The university has always been built on multiple tiers of labour – hierarchies that will only be exacerbated through the Impact+ program. Increasingly rare is the tenure track stream (TTS) job, where faculty inherit what tends to amount to a ‘40-40-20 split’ labour profile. Although not explicitly written into QUFA’s Collective Agreement, the understanding is that most TTS will spend about 40% of their time on research-related activities. The ability to focus 40% of one’s time on research has always been uneven, of course; faculty who receive large research grants and chairs (such as university-based endowed chairs or Canada Research Chairs) can buy-out teaching load, thereby placing greater pressure on those without chairs or large grants to deliver undergraduate and professional programs. In some cases, where these chairs are equity-focused, course buyouts can serve to boost scholars and scholarship that have historically been excluded from the academy. But these positions are increasingly under threat. What is more common is that chairs confer inequalities in research time that become compounded over the course of a career, where teaching buyouts earlier in professional life set the foundation for greater research productivity and chairs and grants further down the road. 

Both the contraction of TTS jobs and teaching buyouts for researchers have also, historically, provided the basis for adjunctification and contractualization of labour. Adjuncts at Queen’s are not generally financially compensated for research. They are also not provided the time for research: if someone takes on adjunct teaching as their full time job, in order to even approach a living wage in Kingston they must spend all of their time teaching and/or performing the few compensated service tasks available. Time poverty through adjunctification leaves little ‘leftover’ for uncompensated research that would help those in adjunct positions be more competitive for a research-focused, TTS-streamed contract: the system reproduces itself. And, with the current phase of austerity now rolling back this contractualization – thus targeting adjunct positions – greater teaching and service burdens are placed back on the dwindling numbers of faculty who remain teaching in departments.

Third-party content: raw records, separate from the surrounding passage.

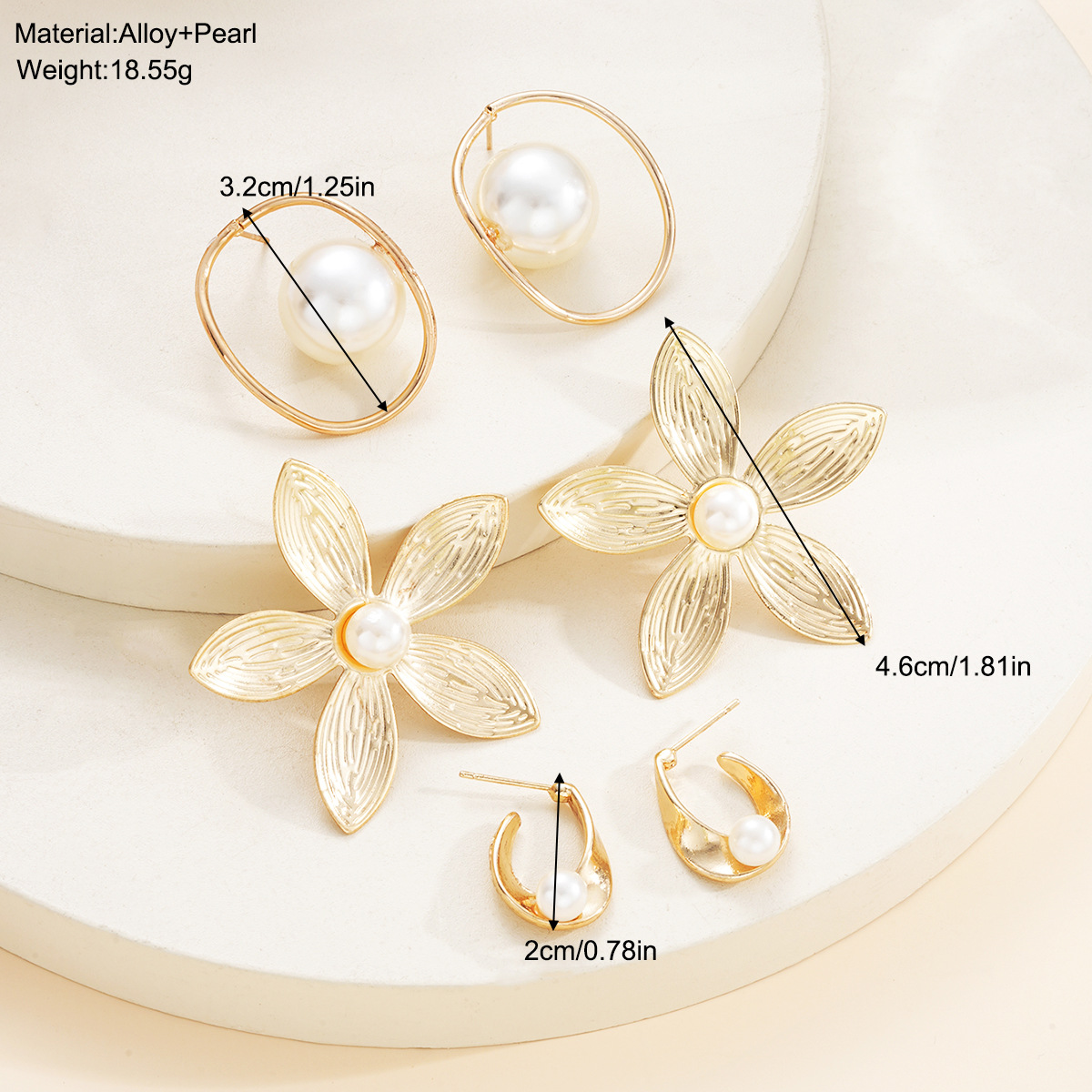 A set of 3-piece personalized and exaggerated flower-like pearl ear studs for cross-border trade from Europe and America, featuring fashionable and niche design and creative ear studs details Picture
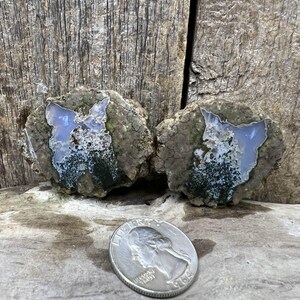 Oregon Valley View Thunderegg Geode Pair ~ 2.00" x 2.00" x 1.50" thick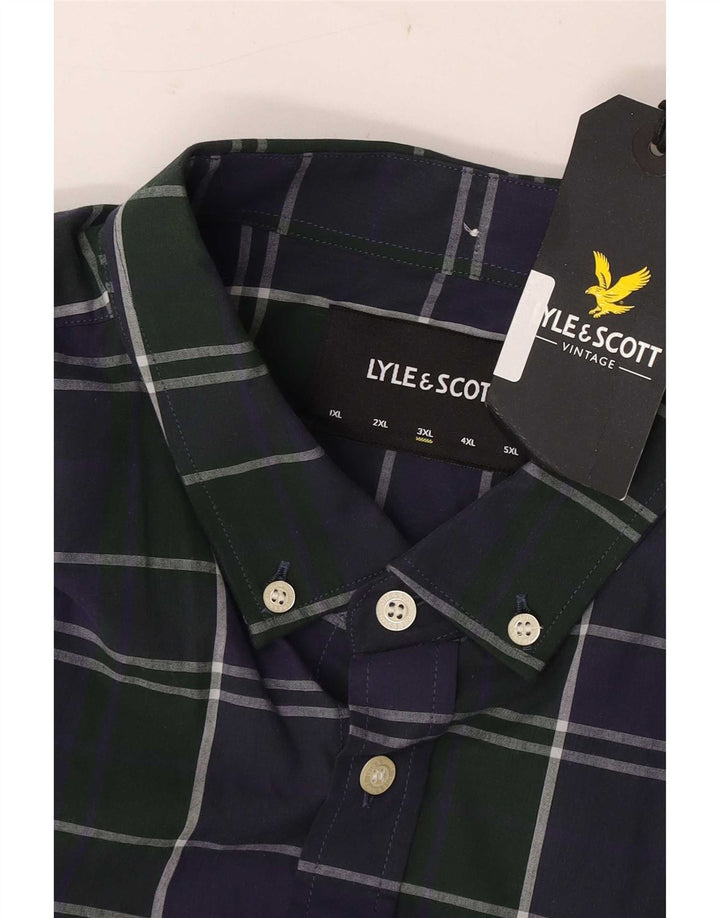 Ανδρικό πουκάμισο Lyle & Scott 3XL Navy Blue Check Cotton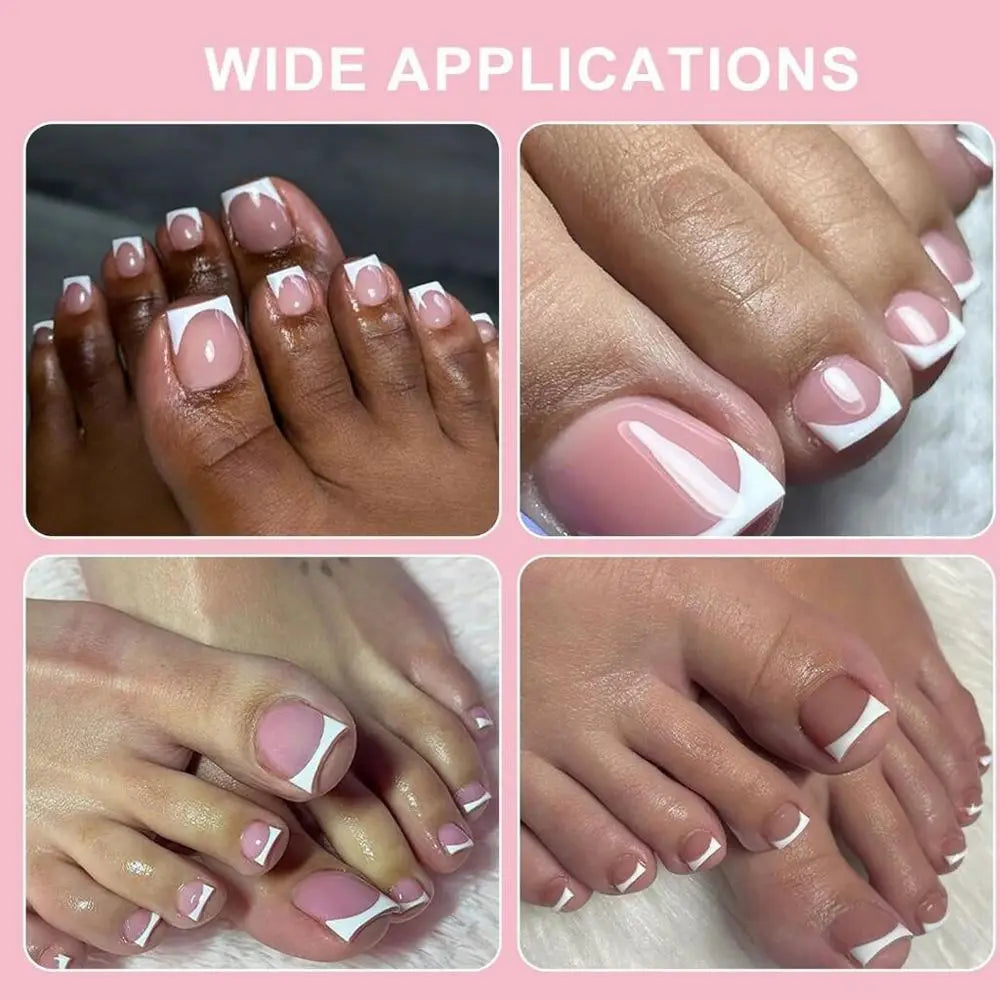 150-Piece Short Square Press-On Toenails – 15 Sizes, Nude & Pink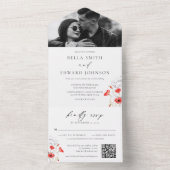 シックなポピー赤い花モノグラムフォト結婚ズ オールインワン招待状 (内側)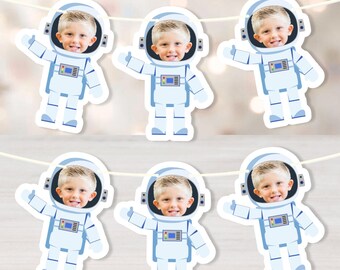 Personalized Astronaut Photo Banner, Outer Space Garland, Blast Off Party Decor, Galaxy Birthday Backdrop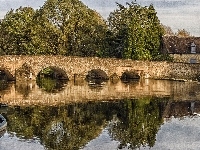 Rzeka, Kajak, Wieś, Most, Drzewa
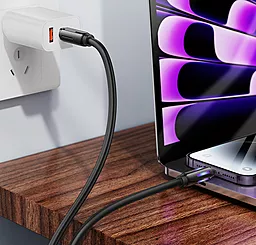 Кабель Hoco U136 Prize USB Type-C - Lightning 27w 3a 1.2м PD сable Black - мініатюра 5 Кабель Hoco U136 Prize USB Type-C - Lightning 27w 3a 1.2м PD сable Black - мініатюра 5
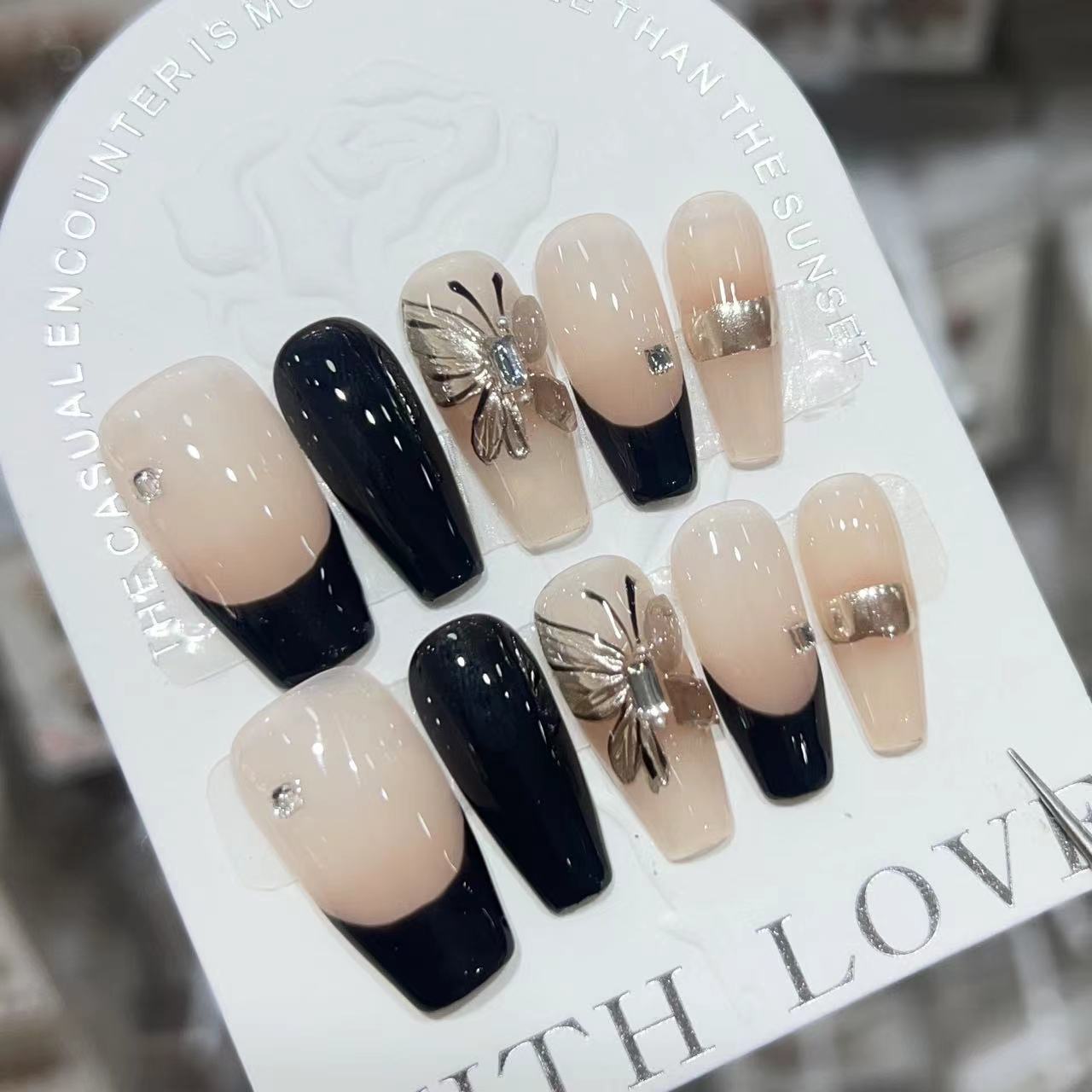 

Чистое плетение вручную, стиль высокого класса, маникюр с ручной росписью «бабочка», нюдовый цвет, французский, съемный Large L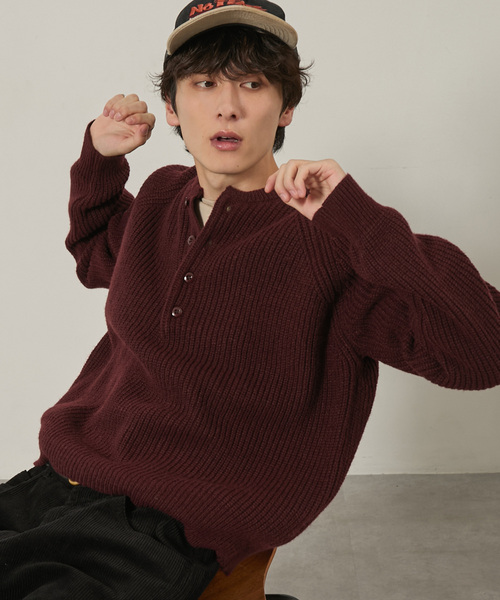 EMMA CLOTHES（エマクローズ）の「長袖ヘンリーネックニット（ニット/セーター・メンズ・ブラック/ワイン/ホワイト/チャコール/ブラウン・M/L）」の7枚目の写真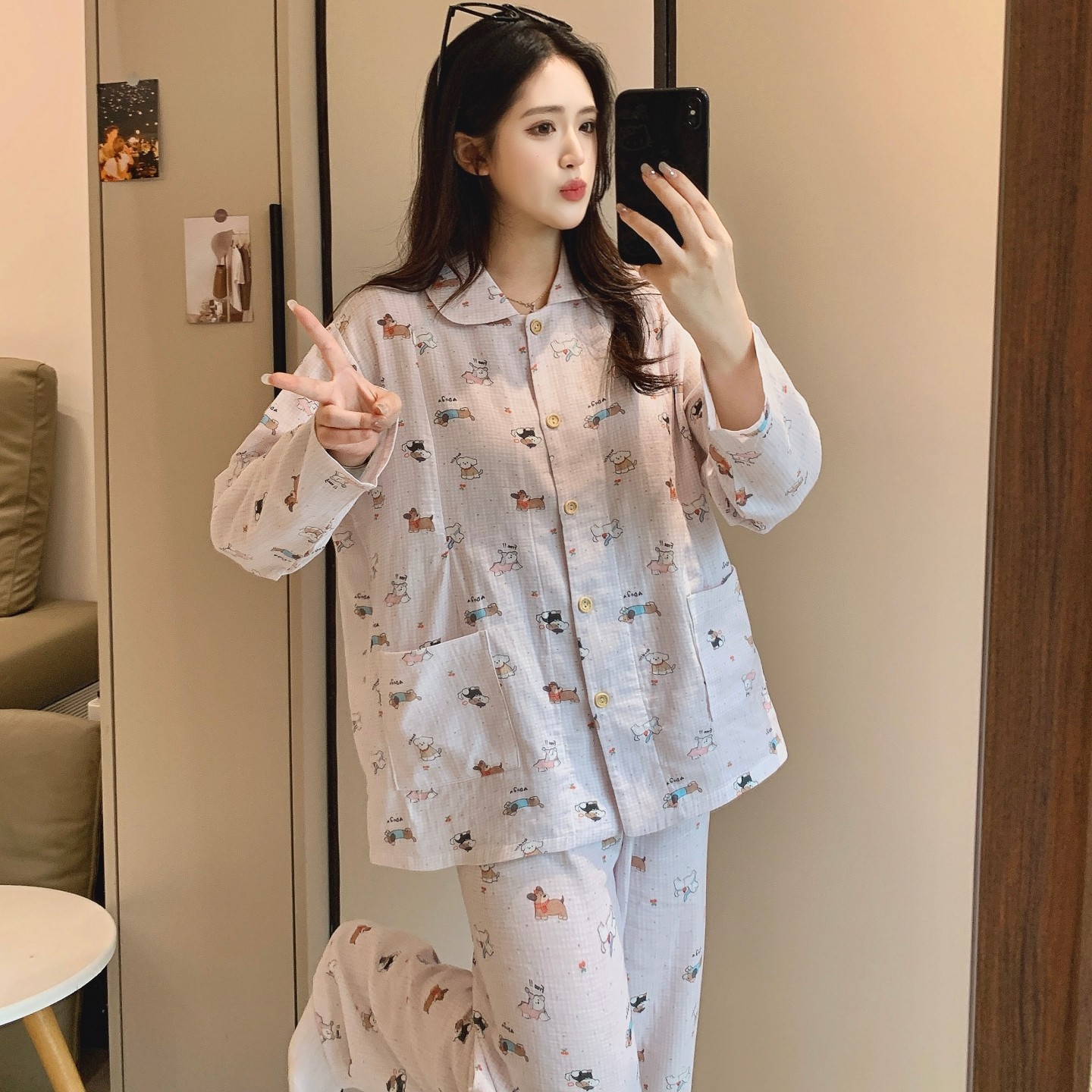 开衫月子服纯棉拉链哺乳口春秋季套装孕妇睡衣女待产妇夏薄款甜美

The Canada Impact+ Research Chair program only heightens these long-brewing disparities. Legitimated by neoliberal performance metrics and the ability to secure large grants, these Chairs will form another elite tier of research labour at the university unlikely to support the daily teaching and functioning of any given unit. At least some of these Chairs may hold 100% research appointments, or teach only one grad course, which will prove a drain especially on smaller departments that are already sharing staff and resources under the hub model. Instead of investing in those researchers who already exist at the university, from TTS to adjunct faculty, not to mention the staff who are integral to delivering research and teaching programs at Queen’s, the Chairs represent yet another move towards big, flashy projects and profiles that undercut any commitment to providing post-secondary education in this country.

A Different Future?

Imagine if the government money allocated to the Impact+ Research Talent Initiative went towards supporting the talented researchers already here in Canada? Imagine if this money, or Queen’s own ‘Transition Fund’, was routed in a way that helped make more equitable the playing field for all who teach and research at Queen’s, so that those locked into higher teaching loads could also grow their research programs? Or, better yet, if the money was invested in the functioning of universities themselves so that students did not have to pay exorbitant tuition fees? We are pulling farther away from the ideals of a truly public education, and instead buttressing the agenda of a (conservative) Liberal government and institution that sees the future of this country only in AI and defence spending. Our job in post-secondary education is to produce scholars and researchers for this moment, not to reproduce the agendas of the ruling elite at this moment.